2.  Article 37, § 6.A(7)

    a. The Union’s Position

    The Union objects to the Arbitrator’s recommendation and requests imposition of its final offer, which is as follows:

The parties agree that proposed changes which apply on a nationwide basis shall be negotiated at the National Office. As of January 2002, all notices of proposed national changes will be served on the National Union and local Union chapters in consolidated packages on a quarterly basis. Such notice will be due to the Union within five (5) workdays of April 1, July 1, October 1, and January 1, of each year, respectively. These deadlines may be bypassed when a shorter implementation schedule is necessary due to circumstances beyond control of the moving party. In order to expedite the Union’s ability to respond to Employer-initiated bargaining, the Employer will give each NTEU chapter a computer, printer, modem, screen, telephone line and any other equipment needed to facilitate e-mail communication between chapters over bargaining and other labor-management relations matters.

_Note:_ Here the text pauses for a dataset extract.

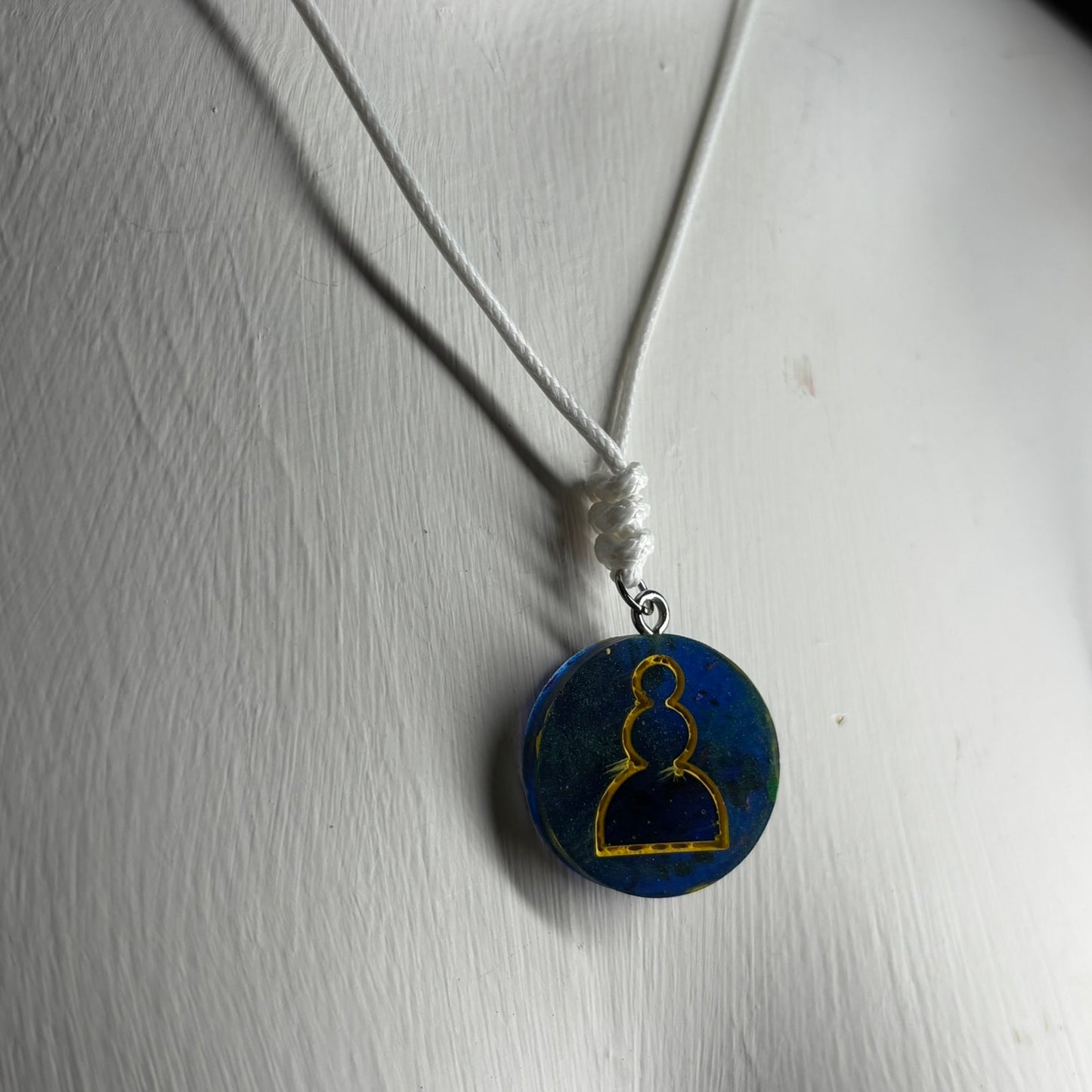 Navy Blue Pawn - Handmade Resin Chess Necklace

Quarterly notification of changes in conditions of employment would provide both parties with: (1) the ability to prioritize and package bargaining issues; (2) order and structure, so that employees and managers in the field are informed of changes which will take place at their work site and when; (3) an alternative to the Agency’s current "haphazard notification process," thereby facilitating field input and national negotiations; (4) the ability to reduce costs by allowing the parties to put together bargaining teams of subject-matter experts prepared to negotiate multiple issues; and (5) the ability to negotiate outside the quarterly period based upon circumstances beyond the Agency’s control. Moreover, "it is disingenuous" for the Employer to claim that its proposal would delay bargaining, given the length of time it takes management to develop its policies and/or respond to the Union’s proposals, and the fact that IRS, "an agency many times the size of Customs, voluntarily agreed to quarterly notification almost 10 years ago."

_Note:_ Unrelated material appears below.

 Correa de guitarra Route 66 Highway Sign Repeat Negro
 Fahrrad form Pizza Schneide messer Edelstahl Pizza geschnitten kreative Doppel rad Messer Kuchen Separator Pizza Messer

    As to the portion of the proposal concerning equipment, its adoption would result in substantial savings and increased efficiency which is an appropriate trade-off for Union concessions which save a great deal of money, and respond to the Employer’s interest in moving midterm negotiations "at a faster pace." Among other benefits, giving each Chapter a computer at the work site would eliminate the current use of the U.S. Postal Service, which adds at least 4 weeks to the start of bargaining from the time management notifies the Union’s National President of a midterm change. Further, it "cannot provide these computers on its own" because of Treasury Department security rules, which the Union first learned about 5 years ago when IRS began supplying computers to the Union. The Employer has never argued that it is unable to pay for new computers, or rebutted the benefits advanced by the Union, nor has it otherwise explained how any of its interests would be adversely affected by the Union’s proposal. Instead, its only response has been that "the issue should be addressed by a work group." Finally, a decision by the Panel to adopt its proposal would encourage the "larger Federal sector community" to increase the mutual efficiency of the "labor-management interaction" by taking advantage of technology.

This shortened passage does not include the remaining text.